The idea here is we want to charge the selected task's vruntime
but charge the executed task's sum_exec_runtime.

This way cputime accounting goes against the task actually running
but vruntime accounting goes against the selected task so we get
proper fairness.

Cc: Joel Fernandes <joelaf@xxxxxxxxxx>
Cc: Qais Yousef <qyousef@xxxxxxxxxx>
Cc: Ingo Molnar <mingo@xxxxxxxxxx>
Cc: Peter Zijlstra <peterz@xxxxxxxxxxxxx>
Cc: Juri Lelli <juri.lelli@xxxxxxxxxx>
Cc: Vincent Guittot <vincent.guittot@xxxxxxxxxx>
Cc: Dietmar Eggemann <dietmar.eggemann@xxxxxxx>
Cc: Valentin Schneider <vschneid@xxxxxxxxxx>
Cc: Steven Rostedt <rostedt@xxxxxxxxxxx>
Cc: Ben Segall <bsegall@xxxxxxxxxx>
Cc: Zimuzo Ezeozue <zezeozue@xxxxxxxxxx>
Cc: Mel Gorman <mgorman@xxxxxxx>
Cc: Daniel Bristot de Oliveira <bristot@xxxxxxxxxx>
Cc: Will Deacon <will@xxxxxxxxxx>
Cc: Waiman Long <longman@xxxxxxxxxx>
Cc: Boqun Feng <boqun.feng@xxxxxxxxx>
Cc: "Paul E . McKenney" <paulmck@xxxxxxxxxx>
Signed-off-by: John Stultz <jstultz@xxxxxxxxxx>
---
kernel/sched/fair.c | 24 +++++++++++++++++++-----
1 file changed, 19 insertions(+), 5 deletions(-)
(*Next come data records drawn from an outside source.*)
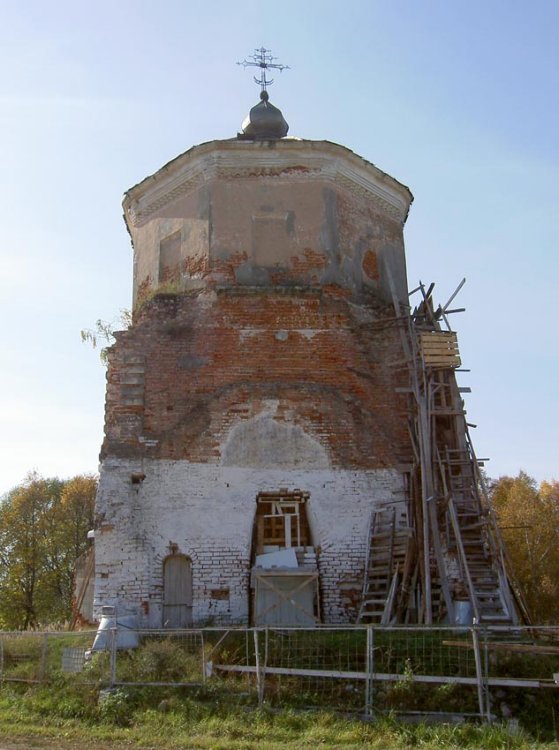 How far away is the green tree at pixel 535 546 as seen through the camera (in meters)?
24.6

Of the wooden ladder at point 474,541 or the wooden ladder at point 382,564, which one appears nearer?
the wooden ladder at point 474,541

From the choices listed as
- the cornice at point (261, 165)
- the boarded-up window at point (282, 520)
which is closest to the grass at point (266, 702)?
the boarded-up window at point (282, 520)

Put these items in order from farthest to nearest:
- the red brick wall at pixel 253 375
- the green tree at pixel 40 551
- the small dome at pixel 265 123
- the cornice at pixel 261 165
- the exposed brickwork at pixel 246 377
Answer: the green tree at pixel 40 551
the small dome at pixel 265 123
the cornice at pixel 261 165
the red brick wall at pixel 253 375
the exposed brickwork at pixel 246 377

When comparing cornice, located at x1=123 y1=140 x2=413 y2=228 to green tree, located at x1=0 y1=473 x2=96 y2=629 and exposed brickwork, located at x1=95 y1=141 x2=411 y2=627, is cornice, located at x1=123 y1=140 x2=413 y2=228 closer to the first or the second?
exposed brickwork, located at x1=95 y1=141 x2=411 y2=627

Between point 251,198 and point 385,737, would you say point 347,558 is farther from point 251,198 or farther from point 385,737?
point 251,198

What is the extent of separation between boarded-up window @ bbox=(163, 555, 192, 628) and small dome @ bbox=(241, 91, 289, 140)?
30.7 feet

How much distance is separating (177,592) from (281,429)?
3250 mm

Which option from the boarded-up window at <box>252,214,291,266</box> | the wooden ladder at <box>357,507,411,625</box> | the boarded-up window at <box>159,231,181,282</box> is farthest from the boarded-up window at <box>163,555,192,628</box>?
the boarded-up window at <box>252,214,291,266</box>

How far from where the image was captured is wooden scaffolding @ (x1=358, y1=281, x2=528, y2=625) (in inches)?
474

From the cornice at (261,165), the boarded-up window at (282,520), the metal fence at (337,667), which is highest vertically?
the cornice at (261,165)

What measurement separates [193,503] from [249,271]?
457 centimetres

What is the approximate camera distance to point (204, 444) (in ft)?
43.5

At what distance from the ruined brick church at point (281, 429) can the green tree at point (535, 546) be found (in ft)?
38.8

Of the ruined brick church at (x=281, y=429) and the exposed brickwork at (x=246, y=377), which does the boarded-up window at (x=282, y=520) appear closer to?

diff --git a/kernel/sched/fair.c b/kernel/sched/fair.c
index acb8155f40c3..3abb48b3515c 100644
--- a/kernel/sched/fair.c
+++ b/kernel/sched/fair.c
@@ -891,22 +891,36 @@ static void update_tg_load_avg(struct cfs_rq *cfs_rq)
}
#endif /* CONFIG_SMP */

-static s64 update_curr_se(struct rq *rq, struct sched_entity *curr)
+static s64 update_curr_se(struct rq *rq, struct sched_entity *se)
{
u64 now = rq_clock_task(rq);
s64 delta_exec;

- delta_exec = now - curr->exec_start;
+ /* Calculate the delta from selected se */
+ delta_exec = now - se->exec_start;
if (unlikely(delta_exec <= 0))
return delta_exec;

- curr->exec_start = now;
- curr->sum_exec_runtime += delta_exec;
+ /* Update selected se's exec_start */
+ se->exec_start = now;
+ if (entity_is_task(se)) {
+ struct task_struct *running = rq_curr(rq);
+ /*
+ * If se is a task, we account the time
+ * against the running task, as w/ proxy-exec
+ * they may not be the same.
+ */
+ running->se.exec_start = now;
+ running->se.sum_exec_runtime += delta_exec;
+ } else {
+ /* If not task, account the time against se */
+ se->sum_exec_runtime += delta_exec;
+ }

if (schedstat_enabled()) {
struct sched_statistics *stats;

- stats = __schedstats_from_se(curr);
+ stats = __schedstats_from_se(se);
__schedstat_set(stats->exec_max,
max(delta_exec, stats->exec_max));
}
--
2.40.0.577.gac1e443424-goog